Hereinafter, an embodiment of the present invention will be described with reference to the drawings.
1A and 1B are diagrams illustrating an ink flow path of an ink-jet head 1 according to the present embodiment.
1A shows a cross-sectional view of an ink flow path. In an inkjet head 1 (droplet ejection head), ink (liquid) flows from an ink tank through a common ink flow path or a manifold, etc., into an individual flow path F (liquid flow path) that communicates with an individual nozzle N. The ink that has flowed in passes through the individual flow path F and is supplied to the nozzle N.

The individual flow path F includes a pressure chamber P. The pressure chamber P is a portion that applies pressure fluctuations to the ink in the pressure chamber P by its deformation, and has a wider width compared to other portions of the individual flow path F, giving it an appropriate volume and temporarily storing ink. The pressure chamber P is, for example, circular or rectangular with rounded corners in a plan view, but is not limited to these shapes. A vibration plate and piezoelectric element are located along the upper surface of the pressure chamber P, which has such a shape in a plan view.
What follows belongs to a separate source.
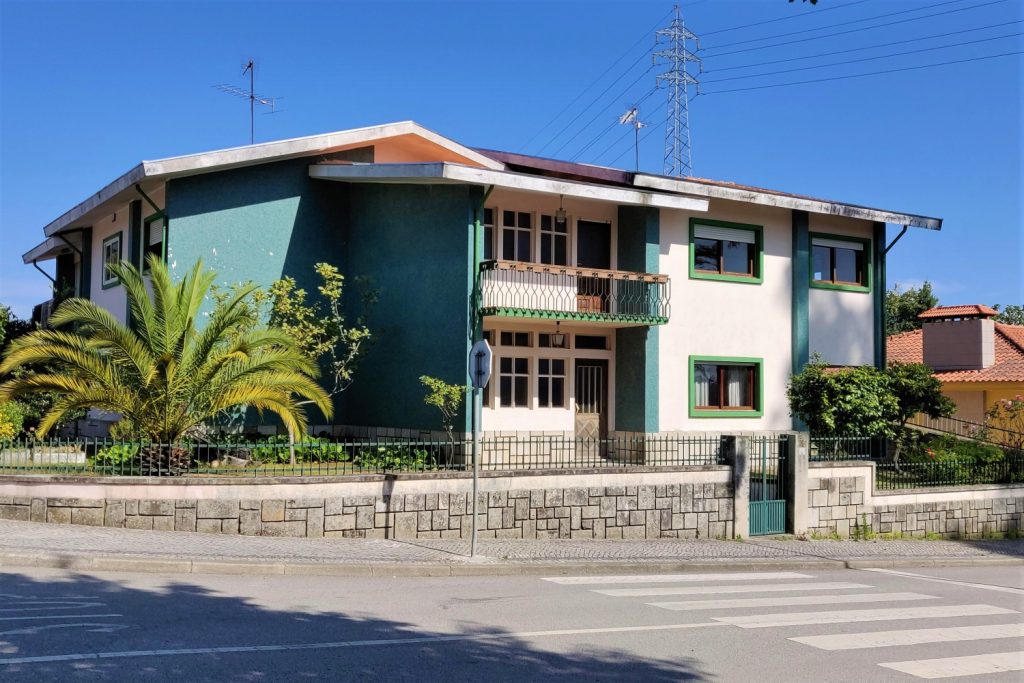 Moradia T4 Rua Comendador Raínho SJM - fachada Moradia T4 Rua Comendador Raínho SJM - fachada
The pressure chamber P is deformed by applying a voltage to the piezoelectric element in a voltage pattern that corresponds to the pressure fluctuation pattern to be given to the ink, causing it to deform.

Nozzle N is not particularly limited, but may be a tapered shape (frustum shape) that narrows toward the ink ejection port (nozzle opening) at the tip. The nozzle opening is a circle with a diameter D0 in a plan view (bottom view). When the distance from the nozzle opening in nozzle N in the direction perpendicular to the nozzle opening surface is x, the nozzle diameter (diameter) at that point x is expressed as D(x). D(x) is equal to or greater than D0, and is a linear function that varies depending on x. D0 is determined according to the resolution of the recorded image and the amount of ink droplets to be ejected. In the image recording operation with a wide gap that is the target of the inkjet head 1 of this embodiment, if the amount of ink droplets is small, they are likely to be significantly decelerated due to air resistance during flight. Therefore, here, it is preferable that the amount of ink ejected once per pixel, that is, the amount of droplets ejected per dot, is, for example, 10 pL or more. In the case of the multi-drop method described below, the amount of droplets referred to here is the total amount of droplets for one cycle of the multi-drop.

The individual flow paths F in the other parts are basically rectangular or cylindrical in shape and of uniform thickness. Here, the individual flow paths F extend within the stacked substrates, and the size, represented by the cross-sectional area, cross-sectional shape, and length, is generally fixed for each part of the substrate. For example, the nozzle N is located in the nozzle substrate 11. The nozzle substrate 11 is made of, for example, metal or resin, but is not limited to this. The pressure chamber P is located in the pressure chamber substrate 14.

Between the nozzle substrate 11 and the pressure chamber substrate 14 are the flow path substrate 12 and intermediate substrate 13. These are, for example, glass (silicon dioxide) substrates and/or metal substrates such as SUS and 42 alloy. A downstream individual flow path L that connects the nozzle N and the pressure chamber P extends through the flow path substrate 12 and intermediate substrate 13.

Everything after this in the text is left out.